Celebrate Recovery’s annual Recovery Fest is a free event distributing resources for battling addiction and promoting healthy lifestyles by bringing clean fun for all ages to the community.
The event kicks off in Sept., also known as National Recovery month, a symbol of what Celebrate Recovery does for those facing addiction.
Michelle Hammond, the event’s organizer, said, “Celebrate Recovery is a worldwide, 12-step rehabilitation program that’s biblically balanced. Anything you got holding you back from being the best person you can be, that’s what Celebrate Recovery is for.”

“Tifton is so rich in the recovery community, but a lot of it so secretive,” Hammond continued. “It’s hard to find the resources if you don’t know where to look, so we dreamed up Recovery Fest.”
There were 25 tables from the surrounding area giving out information to help both those facing addiction and those who have already faced the battle.
Harriet Felts with Oasis Recovery Community Organization was giving out resources at Recovery Fest.
Felts was originally born and raised in Tifton and has recently come back after helping those facing addiction elsewhere.
She said, “I wanted to come back to the place I love and give what I’ve been so freely given. I recently celebrated 27 years clean and sober… I want to share with others that if I can do it, you can too.”
Christopher Mendieta, who attended the event, said, “Recovery means to me, life. At one time, I was pretty much dead in my addiction doing the things I was doing. Now, I’ve got life.”
Mendieta continued, “At one time, there wasn’t this availability of help. There was such a big stigma on recovery, that people didn’t want to recover out loud. That’s why I’m recovering out loud.”

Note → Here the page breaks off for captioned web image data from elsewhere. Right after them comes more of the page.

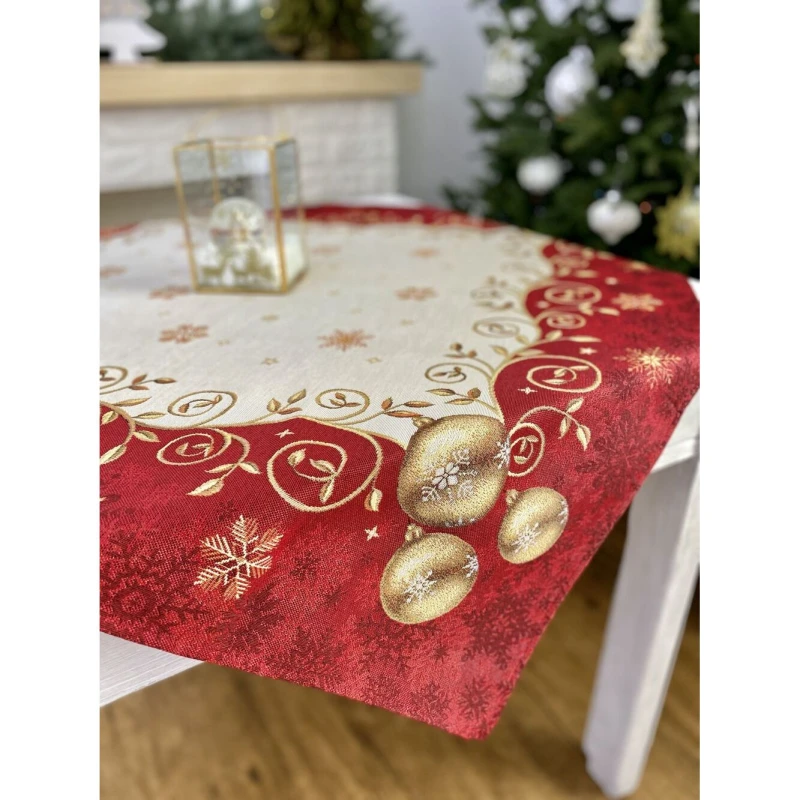 Obrus z tkaniny gobelinowej(tkany maszynowo) - RUNNER670-100, 97x100 cm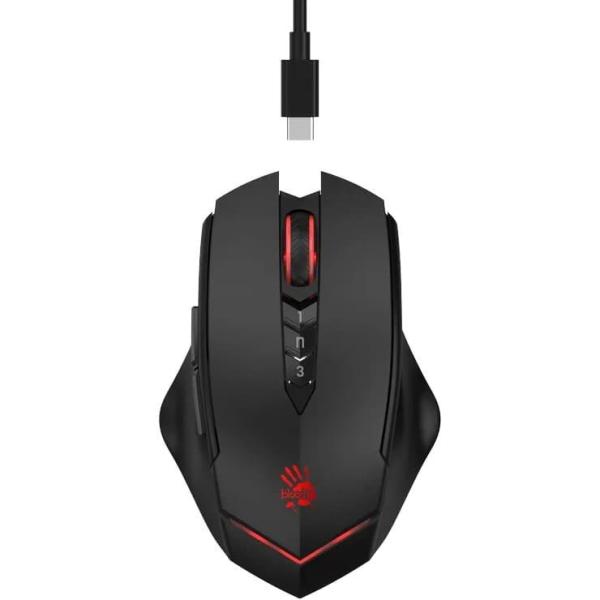 Миша Bloody A4-Tech R80 Plus Black (R80 Plus (Black))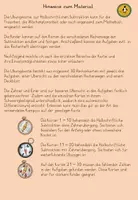 Vorschau - Aufgabenkarten - Übungskartei zur Halbschriftlichen Subtraktion - Seite 2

With this event becoming larger each year, those who faced addiction can relate to each other’s struggles, finding comfort in a growing community.
“I’m seeing people that I used to see in my addiction, and they’ve turned to recovery,” said Mendieta.
Hammond said, “I am a person in long term recovery. I came into church through the backdoor and was court mandated to start attending Celebrate Recovery. That was over nine years ago. Through the process of attending, I met Jesus and found recovery through that.”
Stories like Hammond’s, Mendieta’s, and Felts’s and their journeys to sobriety can be found in the 2025 Testimony Magazine. The idea behind the magazine is for those who are struggling to find the encouragement in their walk to sobriety to find some through other survivors’ stories.
Hammond said, “We got testimonies from all over the United States and put them all in one place. Maybe you can’t come to Recovery Fest, but your mom does. She can leave this on the counter, and you read it and find hope in someone else’s story.”
Someone on the walk to sobriety may cling to what keeps them in a life of addiction, but nothing comes without action.
Hammond thought the same thing for the first Recovery Fest: “We didn’t have a lot of expectations for the first year. We had a lot of people come out and share their stories. We knew we would be doing this every year after that.”
If you or someone in your life is experiencing addiction in any fashion, you don’t have to wait for next year’s Recovery Fest. Celebrate Recovery meets every Thursday at First Baptist Church, Tifton. A meal will be provided at 5:30 p.m. followed by a group meeting at 6:30 p.m.